# ACTION ITEM:
When you reach the line with "Art Deco New" in the records below, begin transcribing exactly and continue up to and including the line with "介绍设计精美的网站,美学与功能的完美融合", leaving out every picture.

# RECORDS SHOWN:

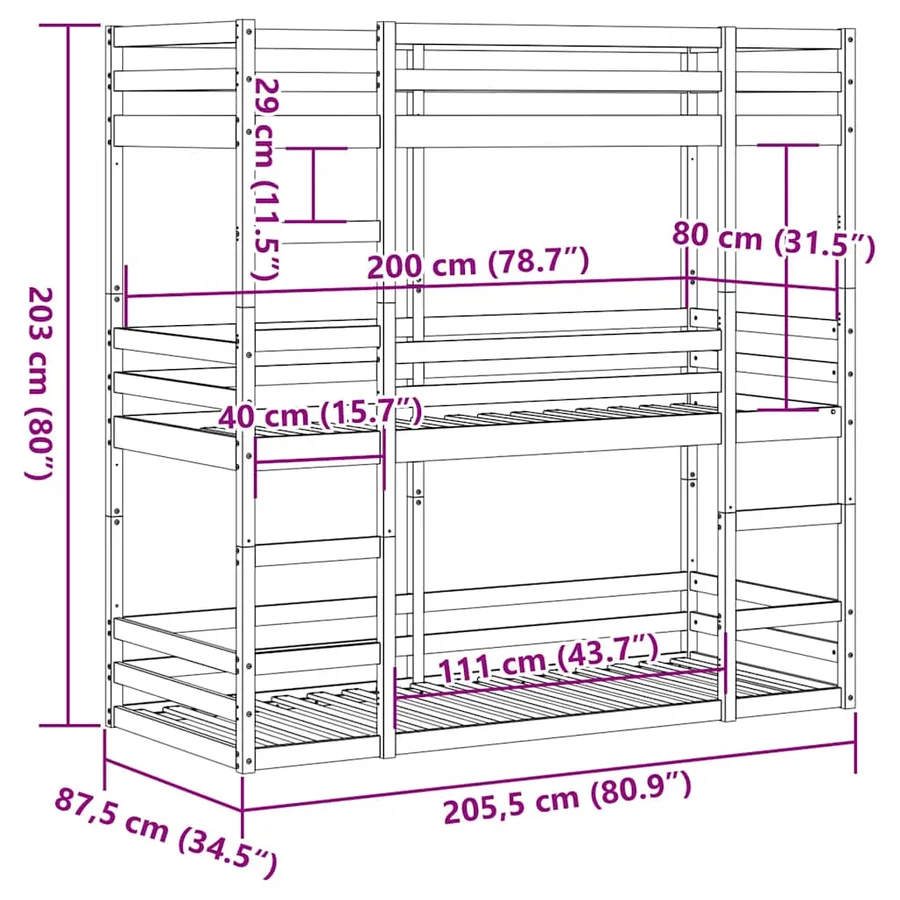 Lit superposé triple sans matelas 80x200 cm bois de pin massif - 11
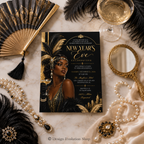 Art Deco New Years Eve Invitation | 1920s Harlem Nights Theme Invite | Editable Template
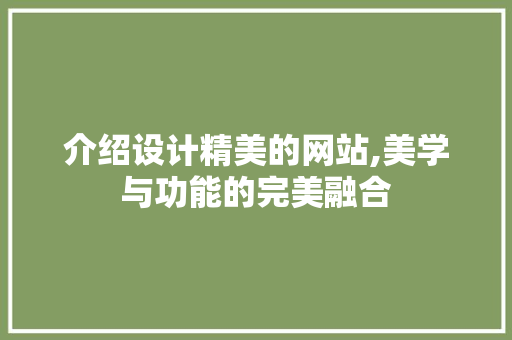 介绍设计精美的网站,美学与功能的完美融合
...
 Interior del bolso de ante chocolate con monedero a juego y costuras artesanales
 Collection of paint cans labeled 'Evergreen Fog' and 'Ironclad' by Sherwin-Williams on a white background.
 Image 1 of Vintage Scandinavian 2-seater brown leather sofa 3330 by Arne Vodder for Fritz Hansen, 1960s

# WRITTEN RESPONSE:
 Art Deco New Years Eve Invitation | 1920s Harlem Nights Theme Invite | Editable Template
 介绍设计精美的网站,美学与功能的完美融合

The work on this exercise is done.